Uma experiência interessante, cujo resultado dá que pensar.

O Psicólogo e Mestre em Educação Marcos Meier, realizou uma palestra sobre “A Influência dos Elogios no Desempenho das Crianças e na Formação de Valores” e documenta de forma muito interessante este tema.

“Recentemente, um grupo de crianças pequenas passou por um teste muito interessante. Psicólogos propuseram uma tarefa de média dificuldade, que elas executariam, contudo, sem grandes problemas. Todas conseguiram terminar a tarefa depois de certo tempo. Em seguida, foram divididas em dois grupos.

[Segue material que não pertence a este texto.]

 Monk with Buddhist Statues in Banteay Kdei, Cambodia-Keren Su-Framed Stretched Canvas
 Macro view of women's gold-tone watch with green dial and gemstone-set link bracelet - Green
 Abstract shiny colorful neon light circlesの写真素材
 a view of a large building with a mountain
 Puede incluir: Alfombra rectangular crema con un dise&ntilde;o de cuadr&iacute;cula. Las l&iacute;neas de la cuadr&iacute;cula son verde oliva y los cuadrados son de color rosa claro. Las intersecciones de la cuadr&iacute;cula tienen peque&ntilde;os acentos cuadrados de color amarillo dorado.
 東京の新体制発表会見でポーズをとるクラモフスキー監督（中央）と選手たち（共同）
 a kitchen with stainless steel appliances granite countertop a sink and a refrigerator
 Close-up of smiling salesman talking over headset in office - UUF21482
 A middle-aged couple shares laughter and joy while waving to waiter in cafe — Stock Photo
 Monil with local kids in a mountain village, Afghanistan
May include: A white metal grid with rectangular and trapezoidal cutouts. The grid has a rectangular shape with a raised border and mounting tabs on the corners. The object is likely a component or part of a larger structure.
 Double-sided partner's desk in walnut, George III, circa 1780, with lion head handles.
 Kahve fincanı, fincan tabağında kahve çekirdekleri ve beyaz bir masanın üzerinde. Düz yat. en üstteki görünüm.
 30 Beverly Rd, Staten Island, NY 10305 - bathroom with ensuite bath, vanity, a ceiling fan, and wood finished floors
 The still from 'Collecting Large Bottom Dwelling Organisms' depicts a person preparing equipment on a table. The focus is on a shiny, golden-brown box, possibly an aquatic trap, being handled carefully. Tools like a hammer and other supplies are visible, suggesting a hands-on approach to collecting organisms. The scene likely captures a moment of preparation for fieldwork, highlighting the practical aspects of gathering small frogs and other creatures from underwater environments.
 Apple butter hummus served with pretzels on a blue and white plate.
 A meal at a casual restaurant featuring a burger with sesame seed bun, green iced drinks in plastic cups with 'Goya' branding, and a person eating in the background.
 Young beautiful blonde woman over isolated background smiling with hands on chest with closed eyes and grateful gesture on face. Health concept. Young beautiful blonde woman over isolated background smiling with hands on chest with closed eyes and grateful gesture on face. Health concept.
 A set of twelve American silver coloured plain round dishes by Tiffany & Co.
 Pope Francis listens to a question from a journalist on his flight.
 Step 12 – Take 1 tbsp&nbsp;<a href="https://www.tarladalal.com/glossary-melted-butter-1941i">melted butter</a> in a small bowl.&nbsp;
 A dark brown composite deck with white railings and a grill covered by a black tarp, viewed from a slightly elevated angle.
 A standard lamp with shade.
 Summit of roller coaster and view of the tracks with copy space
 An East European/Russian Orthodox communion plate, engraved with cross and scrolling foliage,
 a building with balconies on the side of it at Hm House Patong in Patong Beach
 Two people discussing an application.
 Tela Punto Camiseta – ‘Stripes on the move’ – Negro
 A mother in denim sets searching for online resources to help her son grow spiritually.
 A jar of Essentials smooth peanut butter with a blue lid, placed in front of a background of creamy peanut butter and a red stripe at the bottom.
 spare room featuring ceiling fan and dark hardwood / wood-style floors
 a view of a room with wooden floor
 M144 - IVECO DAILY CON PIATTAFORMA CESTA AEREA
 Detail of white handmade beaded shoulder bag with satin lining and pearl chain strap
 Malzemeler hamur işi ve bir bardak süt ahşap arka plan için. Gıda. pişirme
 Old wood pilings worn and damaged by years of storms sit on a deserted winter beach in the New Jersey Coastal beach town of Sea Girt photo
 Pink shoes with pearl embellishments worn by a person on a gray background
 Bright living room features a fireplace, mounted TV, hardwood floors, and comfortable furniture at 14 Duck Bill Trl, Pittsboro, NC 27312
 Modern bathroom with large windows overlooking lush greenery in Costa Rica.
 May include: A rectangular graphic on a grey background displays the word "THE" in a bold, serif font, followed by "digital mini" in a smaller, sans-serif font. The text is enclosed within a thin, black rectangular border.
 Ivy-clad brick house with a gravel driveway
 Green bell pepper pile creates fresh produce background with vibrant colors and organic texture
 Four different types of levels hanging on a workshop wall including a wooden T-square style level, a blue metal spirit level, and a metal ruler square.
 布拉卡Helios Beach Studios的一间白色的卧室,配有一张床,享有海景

O grupo A foi elogiado quanto à inteligência: “Uau! Que inteligente!”, “Que esperto!”, “Que orgulho! És genial!”… E outros elogios relacionados à capacidade de cada criança.

O grupo B foi elogiado quanto ao esforço: “Parabéns! gostei de ver o quanto te dedicas nesta tarefa!”, “É muito bom ver o quanto te esforças!”, “És muito persistente! Tentas-te, tentas-te, até que conseguiste… Muito bem!” E outros elogios relacionados ao investimento realizado e não às capacidades percebidas na criança.

Depois dessa fase, uma nova tarefa de dificuldade equivalente à primeira foi proposta aos dois grupos de crianças. Aqui, elas podiam escolher se queriam ou não participar da mesma.

As respostas das crianças surpreenderam. A grande maioria das crianças do grupo A não participou.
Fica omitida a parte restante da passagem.